Le ministère de la Justice des États-Unis a lancé une enquête criminelle antitrust le 25 avril 2026 contre les plus grands transformateurs de viande du pays, après que les prix du bœuf ont grimpé de près de 50 %, soulevant des soupçons de manipulation des prix.
« Cette enquête n'a que trop tardé », a déclaré un porte-parole de l'Union nationale des agriculteurs dans un communiqué. « Depuis des années, les agriculteurs et les éleveurs sont pressurés par une poignée de conditionneurs de viande dominants, tandis que les consommateurs paient des prix gonflés à l'épicerie. »

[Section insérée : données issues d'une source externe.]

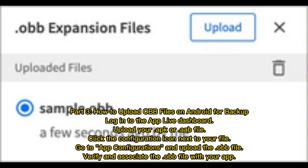Part 3: How to upload OBB files on Android for backup. Log into the AppLive dashboard. Upload your APK or AAB file. Click the configuration icon next to your file. Go to App Configurations and upload the OBB file.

L'enquête fait suite à une période de volatilité extrême des prix. Alors que les prix du bétail sont restés relativement bas pour les producteurs, le prix de détail du bœuf a atteint des sommets pluriannuels. Cet écart a porté la marge entre le prix du bœuf et celui du bétail, un indicateur clé de la rentabilité des transformateurs, à des niveaux records. Les actions de grands producteurs comme Tyson Foods (TSN) et de la filiale américaine du géant brésilien JBS ont été volatiles suite à cette annonce.
L'issue de l'enquête pourrait avoir des répercussions majeures pour l'industrie américaine du bœuf, pesant 200 milliards de dollars. S'ils sont reconnus coupables d'entente sur les prix, les entreprises pourraient être condamnées à des dommages-intérêts triples en vertu de la loi antitrust, ce qui pourrait représenter des milliards de dollars d'amendes. L'enquête ajoute également une pression politique sur un secteur déjà critiqué pour sa concentration, quatre entreprises seulement contrôlant plus de 80 % du marché du bœuf.
L'enquête de la division antitrust du DOJ marque une escalade significative de la surveillance de l'industrie de la viande, critiquée depuis des années pour sa concentration. Les « Big Four » — Tyson Foods, JBS, Cargill et National Beef Packing Co. — contrôlent environ 85 % du marché américain du bœuf. Cette concentration a suscité des accusations de comportement anticoncurrentiel bien avant l'enquête actuelle.
La pandémie de COVID-19 a exacerbé ces inquiétudes, les fermetures d'usines ayant entraîné des perturbations de la chaîne d'approvisionnement, une envolée des prix de détail et des bénéfices records pour les conditionneurs, même si les agriculteurs étaient contraints d'euthanasier leur bétail.
Les analystes surveilleront de près tout nouveau développement du ministère de la Justice, car les répercussions juridiques et financières pour les entreprises concernées pourraient être substantielles. Les conclusions de l'enquête pourraient également stimuler des efforts législatifs visant à accroître la concurrence et la transparence dans le secteur de la viande.
Cet article est à titre informatif uniquement et ne constitue pas un conseil en investissement.